*Il fiore delle mille e una notte, known in America Arabian Nights, is an Italian film from 1974. It is filmmaker Pier Paolo Pasolini's third movie in his Trilogy of Life series, preceeded by Il Decameron (1971), andThe Canterbury Tales (1972). The title means "The Flower of One Thousand and One Nights". The trilogy are filmed adaptations of classical medieval literature. Il fiore delle mille e una notte is based upon the Arabian Nights, a collection of stories which trace their origin back to ancient Arabia, Yemen, India, Persia, and Egypts. Pasolini filmed a cast of unknown actors in locations including Eritrea, Yemen, Ethiopa, and Nepal.
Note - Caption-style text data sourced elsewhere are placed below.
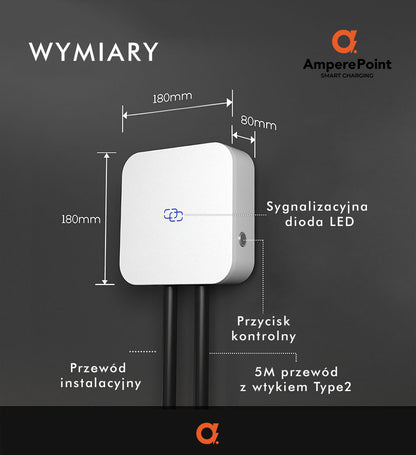 Wallbox EV Charger EV AMP-32 Nano White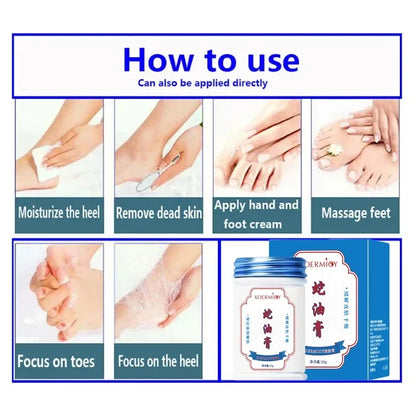 Moisturizing Anti-Crack Foot & Hand Cream 30g by HitMyNeed
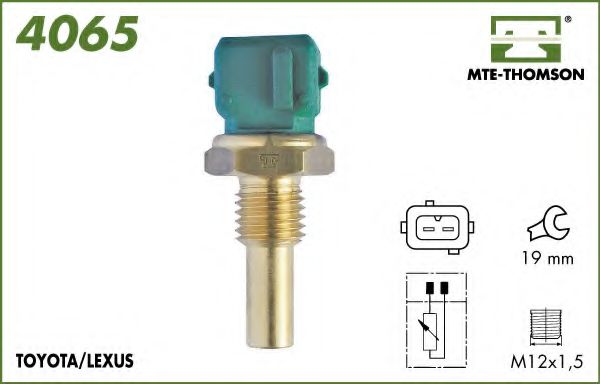 MTE-THOMSON 4065 Датчик, температура охлаждающей жидкости; Датчик, температура охлаждающей жидкости; Датчик, температура охлаждающей жидкости для DAIHATSU CHARADE III (Дайхатсу Чарадэ 3) MTE-THOMSON 4065 Датчик, температура охлаждающей жидкости; Датчик, температура охлаждающей жидкости; Датчик, температура охлаждающей жидкости для DAIHATSU CHARADE III (Дайхатсу Чарадэ 3)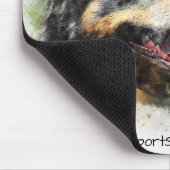 シェルターペットを取り入れる – Bernese Mountain Dog マウスパッド (コーナー)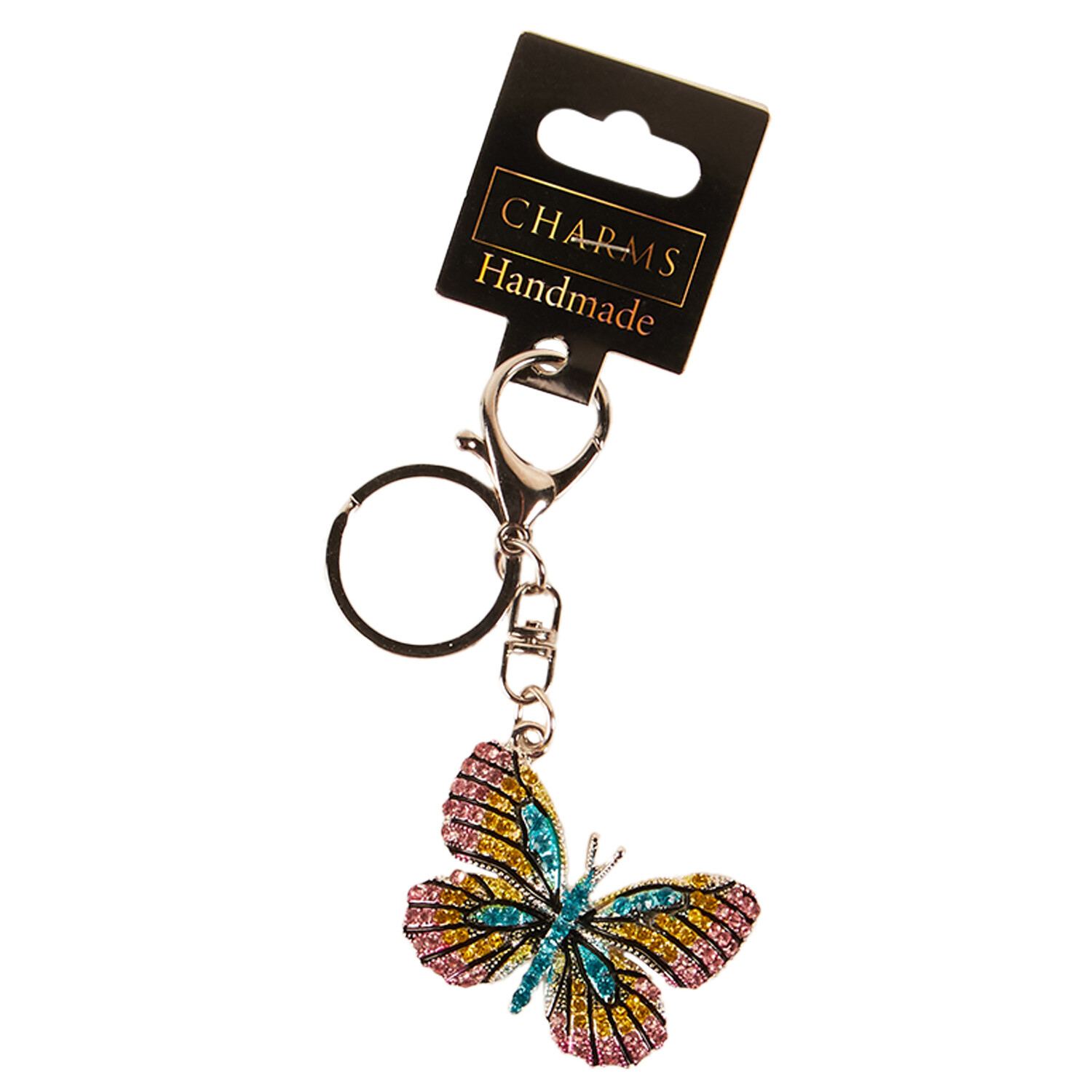 Butterfly Animal Keyring Multicolour Image 1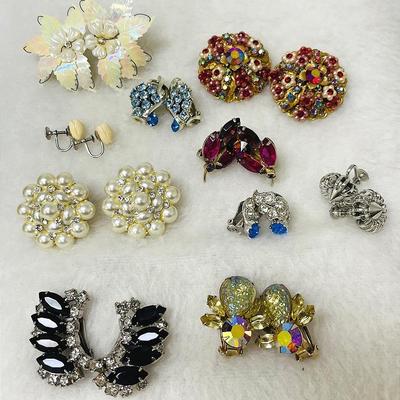 “Bogoff” and More Vintage Clip-on Earrings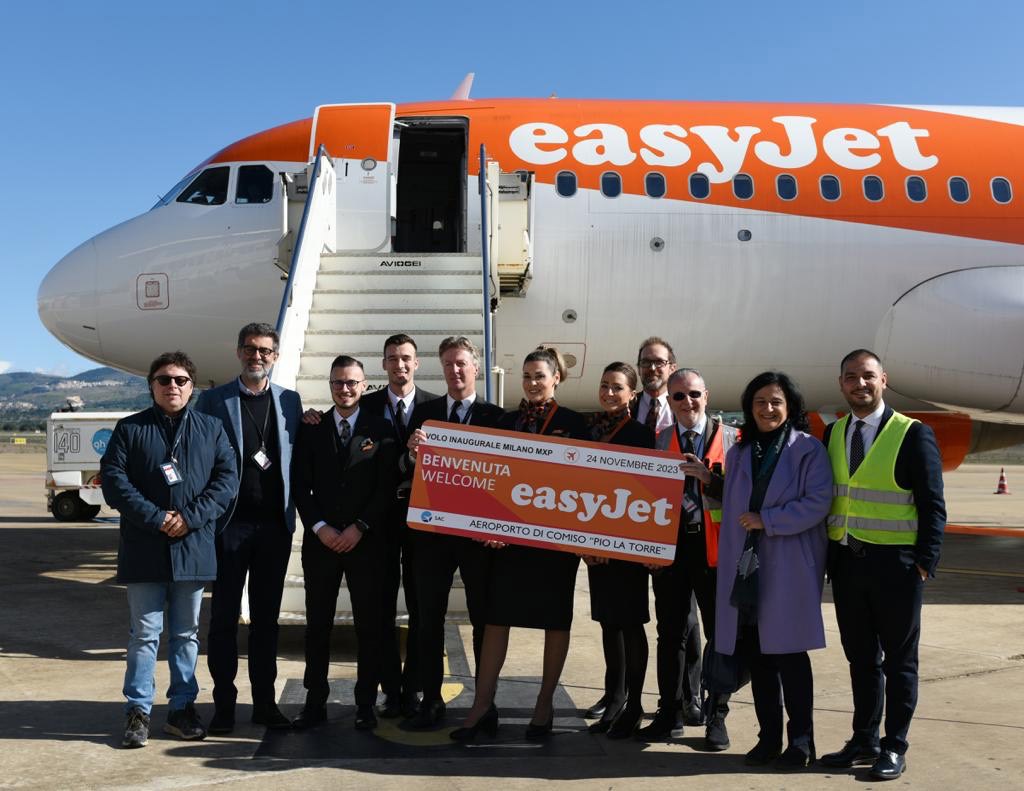 Volo easyJet Comiso - Milano Malpensa Copyright © SAC e easyJet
*In Il fiore delle mille e una notte, Pasolini tells the love story of Nuradin and Zumurrud, using it as the framework to tell smaller tales of love, sexuality, fidelity, and fate. In the frame story, Zumurrud is a slave girl who is able to choose who she wants as her new master. From the crowd of heckling men, she chooses the young man, Nuradin. Zumurrud teaches the inexperienced Nuradin to express himself sexually, thus allowing her to express herself sexually as well. Within this story comes the inner stories, read to Nuradin by Zumurred. These inner tales are short and without conflict. The first is of an elderely man watching a beautiful woman bathe. The story is followed by another, in which three young men are chosen by an older man to listen to his poems and join him in sexual pleasure. The third story told is of a wager between an elderly couple, observing the sexual attraction between a young man and a young woman. After she is finished reading him the story, Zumurrud is abducted due to an error on Nuradin’s part. In desperation, Nuradin sets out on a journey to get her back. Zumurrud, meanwhile, manages to outwit her capturers and escapes to a distant city where she is mistaken for a man and crowned as the king. While on his search, Nuradin, comes into contact with beautiful women, who cater to him and make sexual advances on him, yet he remains determined to find Zumurrud. The film then delves into the dream of a princess, where the story of Aziz is seen. On his wedding day, he falls in love with another woman, thus being unfaithful to his bride to be. Interwoven with this story is another, in which a man is determined to rid a woman of her demon. Here, Pasolini keeps with the original text’s structure of a story which unfold into another, and then into another, eventually leading back to the frame story. Nuradin comes across the city where Zumurrud reigns, and the lovers are reunited again.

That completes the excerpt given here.